INSTRUCTIONS FOR THE TASK: With pictures left out, please repeat word for word the lines from the one containing "40W LED Outdoor" through the end of the records.
(RECORD EXTRACTS begins)
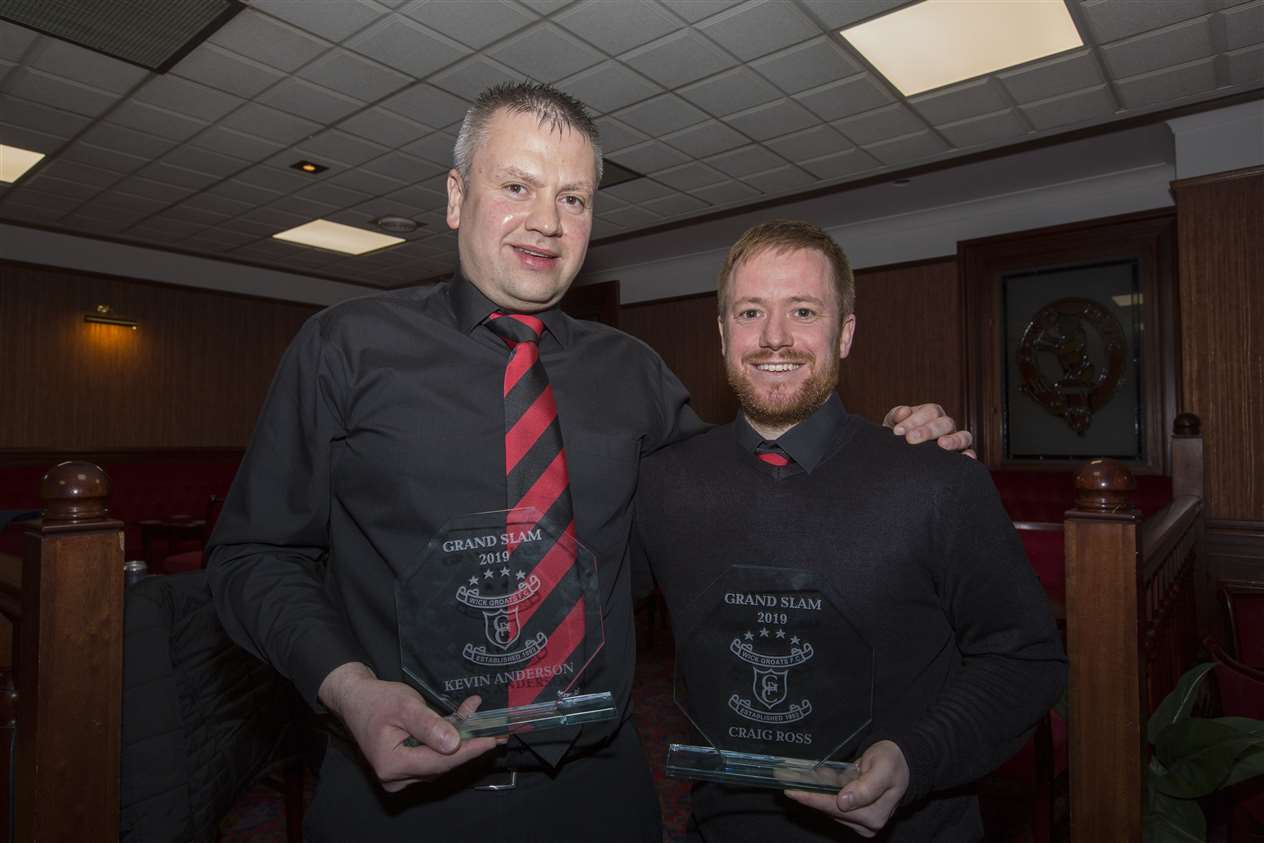 Wick Groats manager Kevin Anderson (left) and assistant Craig Ross received special awards to mark the club's clean sweep of trophies.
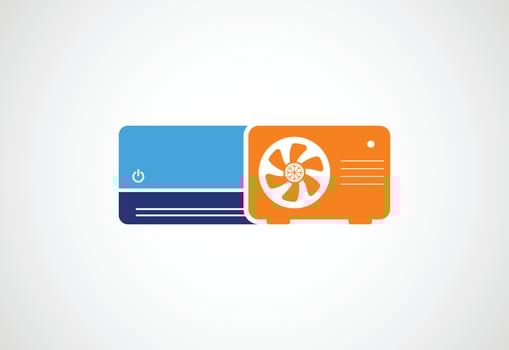 Air conditioner logo design. Cleaning and repairing Air conditioner, illustration. vector
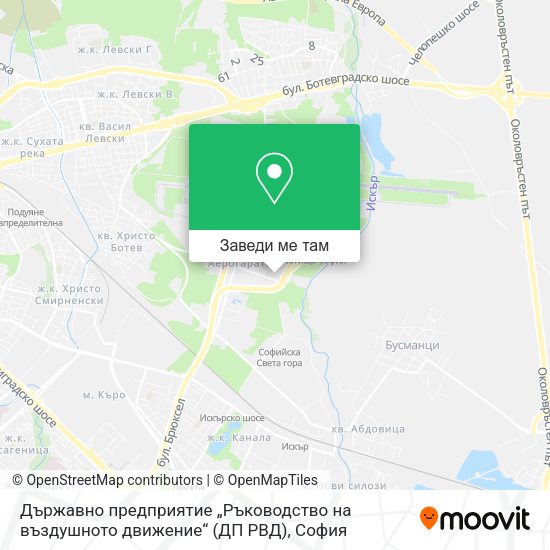 Държавно предприятие „Ръководство на въздушното движение“ (ДП РВД) карта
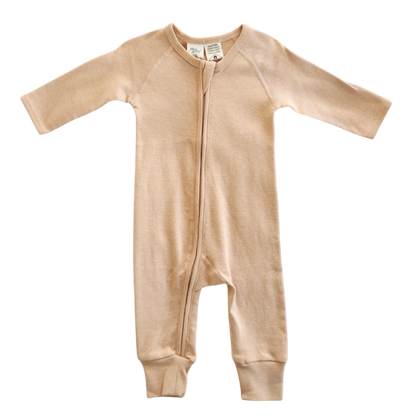 natural brown  organic cotton zip romper for babies, unbleached undyed 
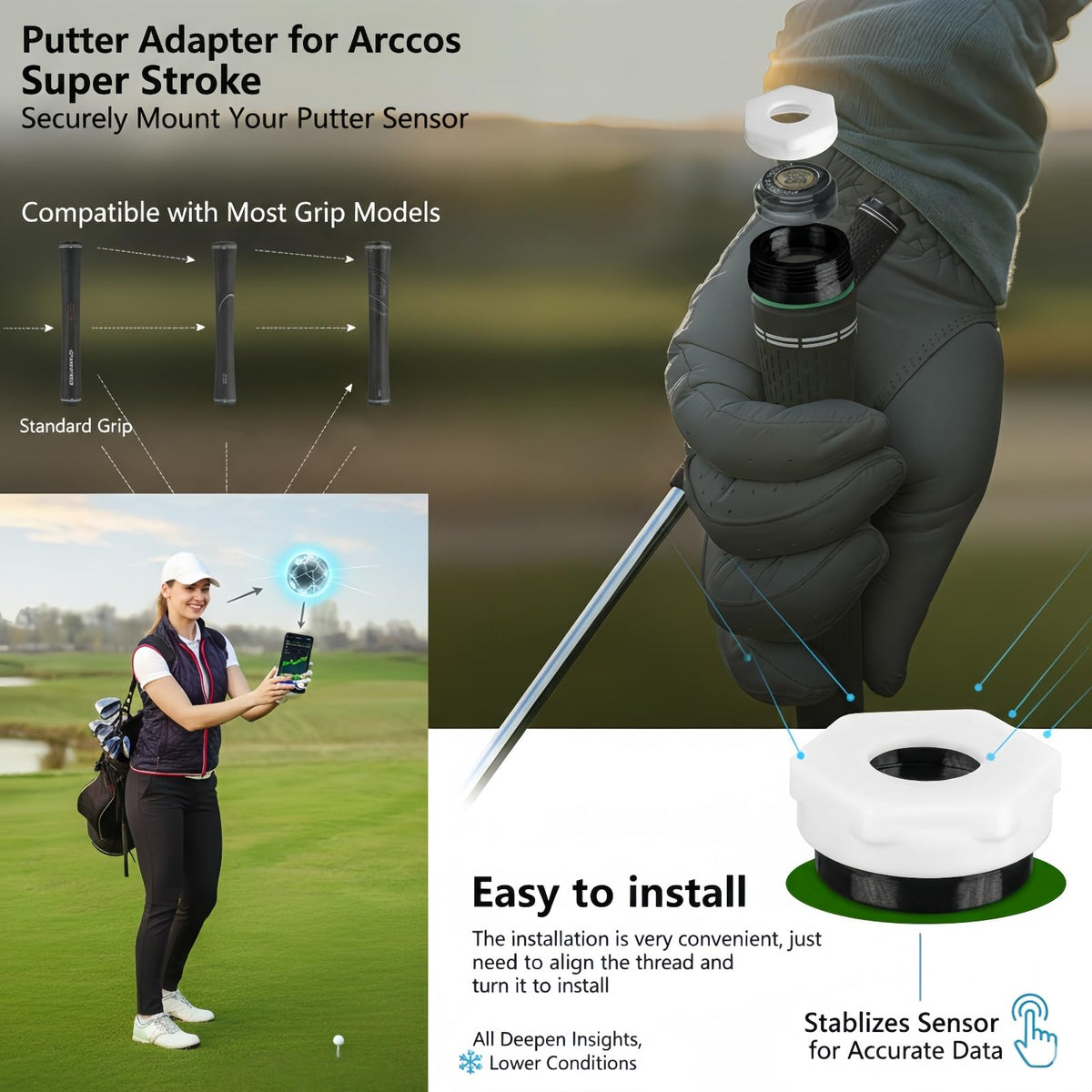 Generic Putter Sensor Adapter with durable materials withstands daily use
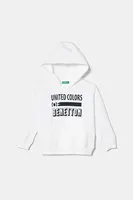 Dětská bavlněná mikina United Colors of Benetton bílá barva, s kapucí, s potiskem, 3J68G2011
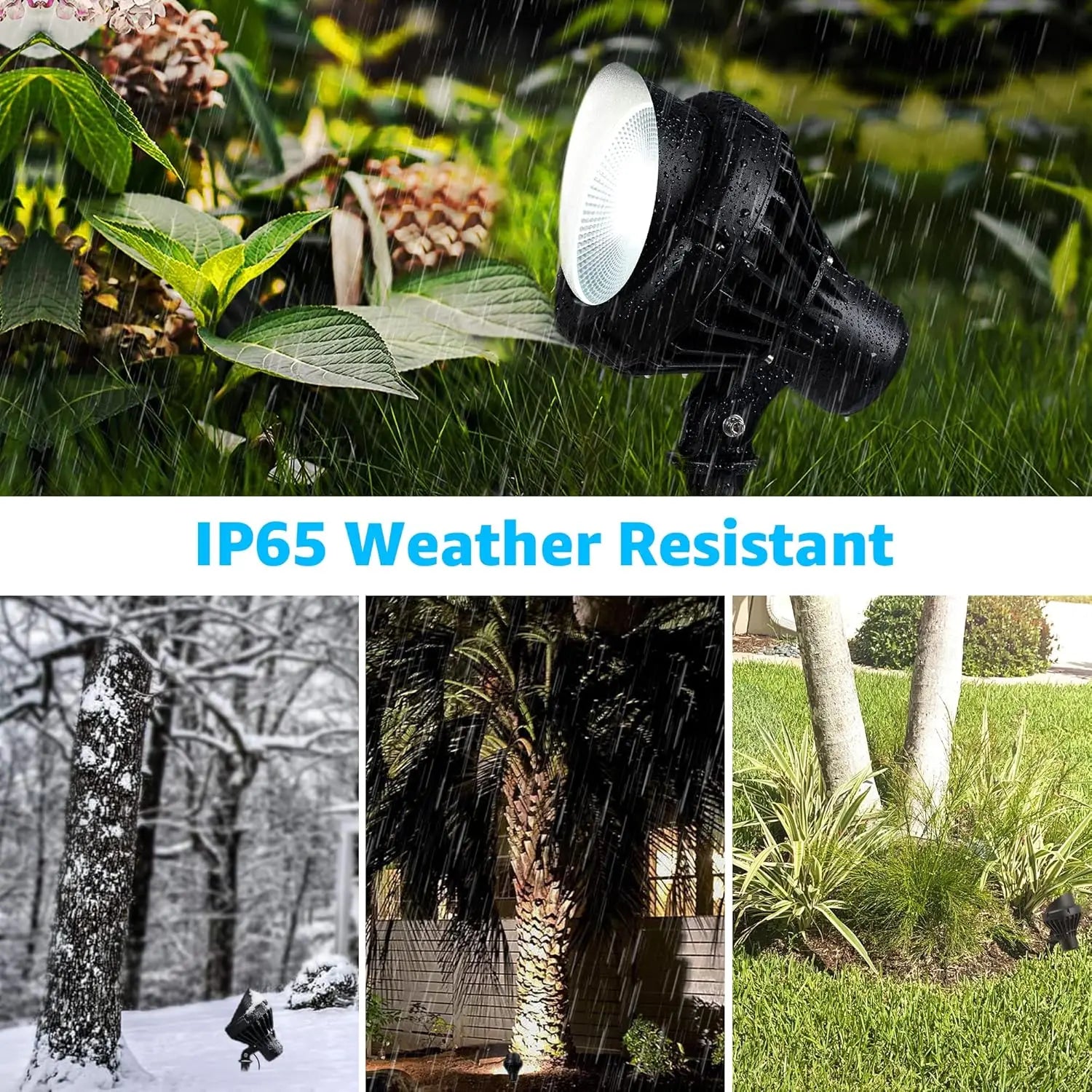 40W LED Outdoor Spotlight, 5000K Daylight White, IP65 Waterproof, Adjustable Beam for Yard Tree Flag Pole Lighting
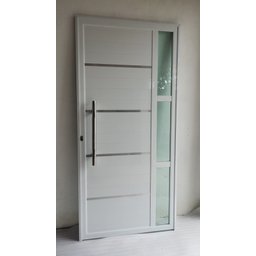 Porta de Alumínio Lambri Simples 210x100 C/ Puxador e Vidro - 3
(RECORD EXTRACTS ends)
SOLVED EXERCISE:
 40W LED Outdoor Spotlight, 5000K Daylight White, IP65 Waterproof, Adjustable Beam for Yard Tree Flag Pole Lighting
 Porta de Alumínio Lambri Simples 210x100 C/ Puxador e Vidro - 3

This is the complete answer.